**Assignment**
Without the pictures, reproduce the records that follow exactly.

Data excerpts

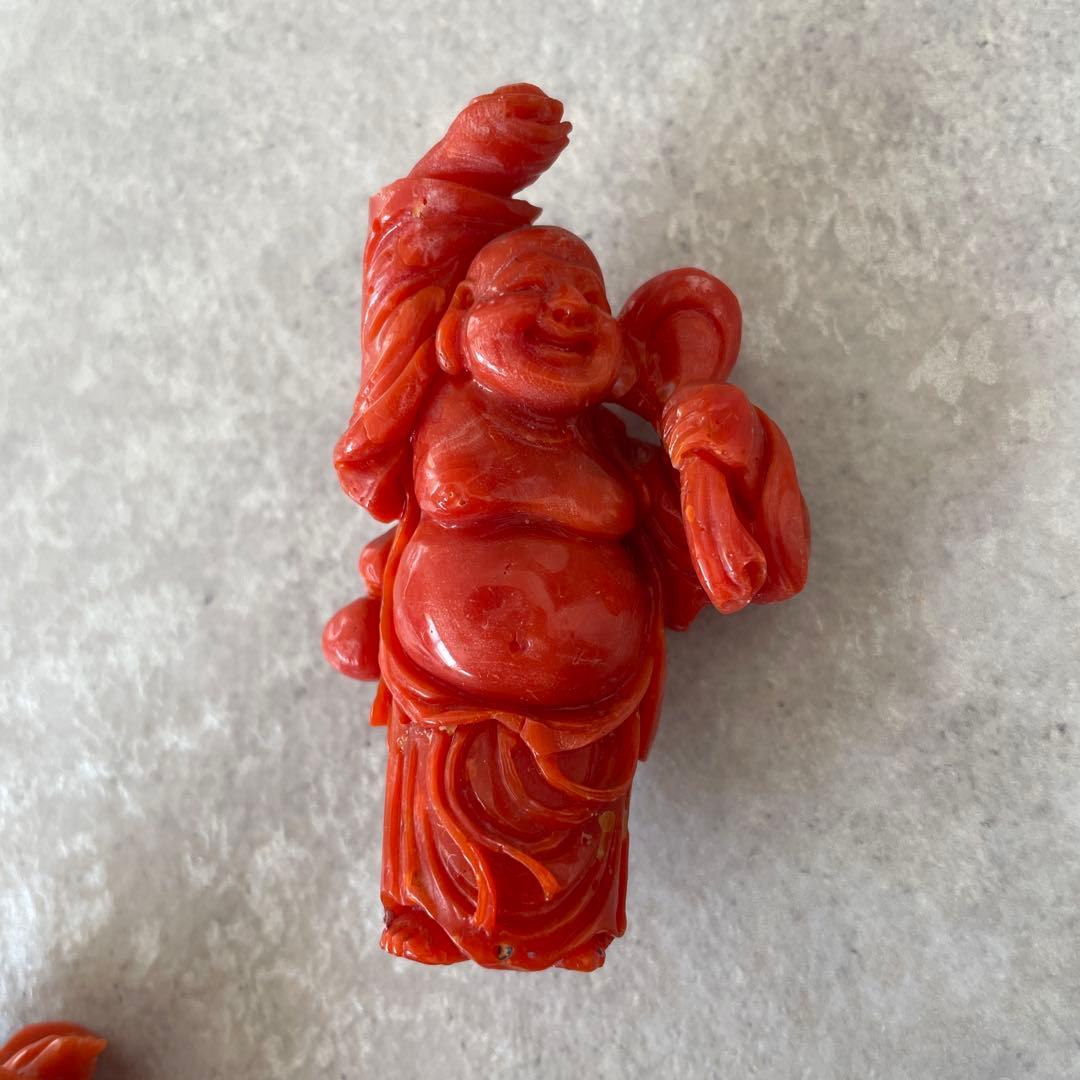 【サンゴを買収する様】ご確認用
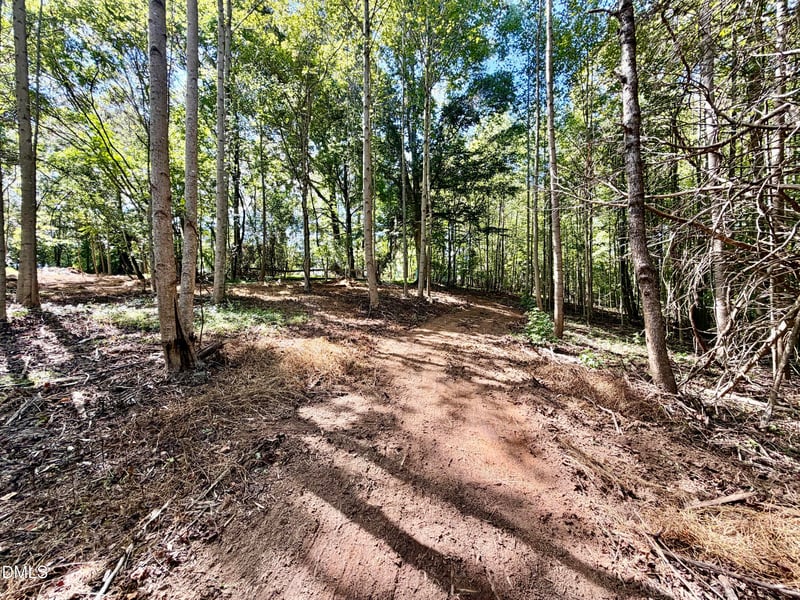 3.97 Acres Woodsdale Rd Lot 3, Roxboro, NC 27573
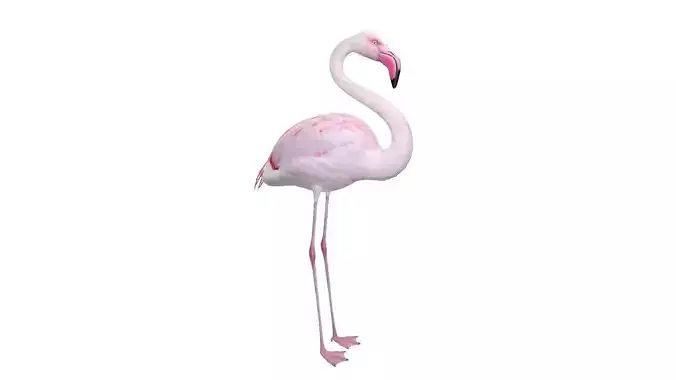 Flamingo 3D model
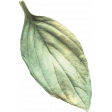 Afternoon Daffodil Element leaf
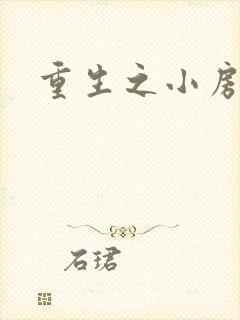 重生之小房东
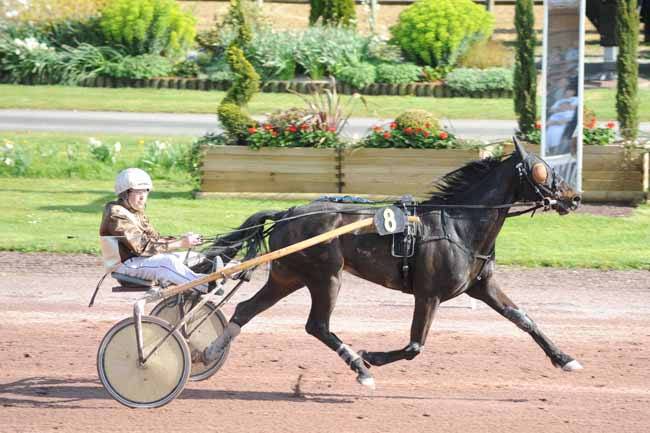 Arrivée quinté pmu PRIX JACQUES DY à CORDEMAIS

**Result below**
 【サンゴを買収する様】ご確認用
 3.97 Acres Woodsdale Rd Lot 3, Roxboro, NC 27573
 Flamingo 3D model
 Afternoon Daffodil Element leaf
 重生之小房东
 Arrivée quinté pmu PRIX JACQUES DY à CORDEMAIS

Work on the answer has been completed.